Sample design also shapes results. IESE’s 183-city scope reflects a systemic global ambition. IMD groups cities by development level to reduce unfair comparisons. ProptechOS works with a curated international sample. Bitkom restricts comparison to Germany, increasing institutional comparability but narrowing geographic scope.
Each model operates within its own comparative logic. And that logic influences hierarchy.
Smart city ranking methodology: normalization and weighting
The most consequential stage begins once data are assembled. This is where smart city ranking methodology moves decisively into arithmetic.
Indicators must be standardised to allow aggregation. Broadband speed, air quality and governance transparency are measured in different units. Rankings therefore apply normalization techniques to place them on a comparable scale.
ProptechOS and Bitkom use 0–100 scaling. IMD incorporates temporal smoothing through a three-year weighted average. IESE’s DP2 method measures statistical distance from a benchmark while reducing redundancy between correlated variables.
Weighting adds another layer. IMD prioritises recency through its 3:2:1 structure. IESE’s weighting is embedded in its statistical aggregation method. ProptechOS and Bitkom rely on equal weighting for clarity and transparency.
These choices are technical, but they are not neutral. Smoothing enhances stability but may delay visible change. Equal weighting improves interpretability but assumes equivalent importance across domains. Distance-based aggregation increases statistical discipline but reduces intuitive readability.
In closely ranked groups, even modest methodological adjustments can shift positions. For business actors using rankings as signals, that nuance matters. For investors, consultants and urban strategists, understanding smart city ranking methodology is not optional. It is strategic.
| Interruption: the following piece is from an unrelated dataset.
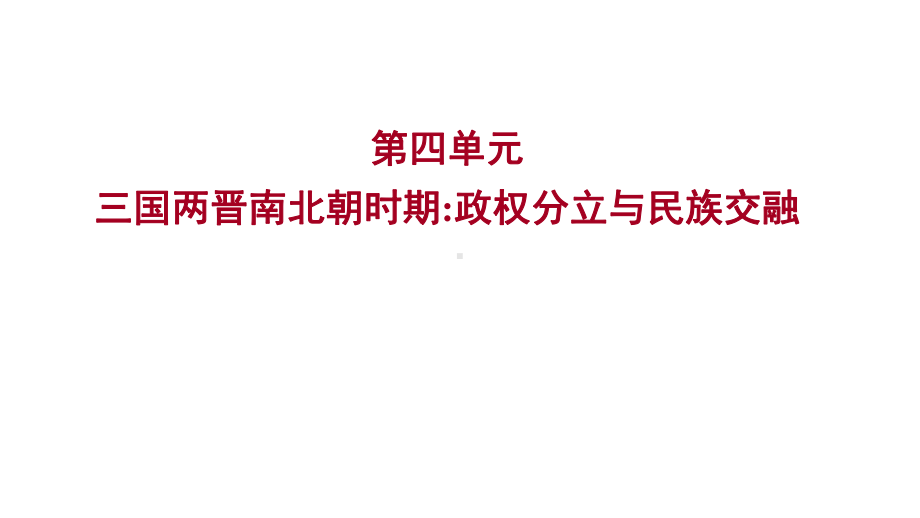 2023年山东省淄博市中考历史（人教部编版五四学制）一轮复习第四单元 三国两晋南北朝时期：政权分立与民族交融 ppt课件.pptx_第1页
Table 2. Key Technical Design Features (2025)

City case: Bucharest’s rapid rise
A recent example illustrates how methodology interacts with perception. In the 2025 IMD Smart City Index, Bucharest reportedly climbed more than twenty positions compared to earlier editions. Such a jump invites scrutiny. Structural transformation in mobility systems, governance or environmental performance rarely occurs within a single year.
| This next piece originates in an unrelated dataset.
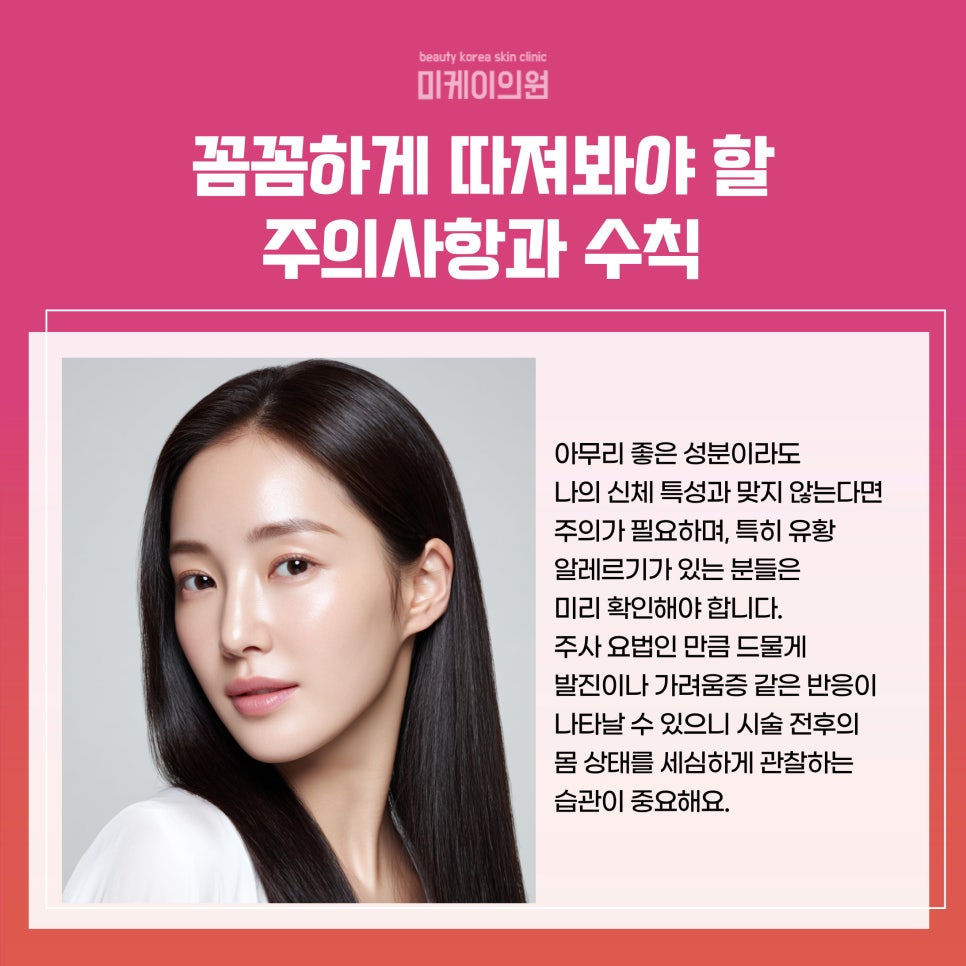 Gangnam Station White Jade Injection Glutathione Brightening Care image 4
Several factors may explain the movement. Improvements in public service visibility can influence perception scores relatively quickly. Changes in response patterns or survey composition may also play a role. Because IMD applies three-year weighted averaging, recent positive responses can gradually amplify upward momentum. In tightly clustered rankings, relatively small perception shifts may translate into noticeable rank changes.
The point is not to question the result. It is to recognise that rankings capture both structural change and interpretive dynamics. For policymakers, investors and analysts, rapid upward movement should prompt deeper investigation into domain-level performance rather than immediate celebration.

Photo: Freepick
From measurement to strategy
How, then, should cities read these rankings?
First, match the ranking to the strategic question. A perception-based index cannot answer the same questions as an infrastructure-focused model.
Second, look beyond the composite score. Domain-level results often reveal tensions that aggregate rankings conceal.
Third, triangulate. If perception-based and infrastructure-based indices tell different stories, the divergence itself becomes analytically valuable.
Rankings are tools. They can illuminate patterns and encourage institutional learning. But cities do not become smarter by climbing a table. They become smarter when digital tools are integrated with governance capacity, inclusion and long-term quality of life. That transformation always extends beyond the numbers. Ultimately, smart city ranking methodology should inform strategy, not define it.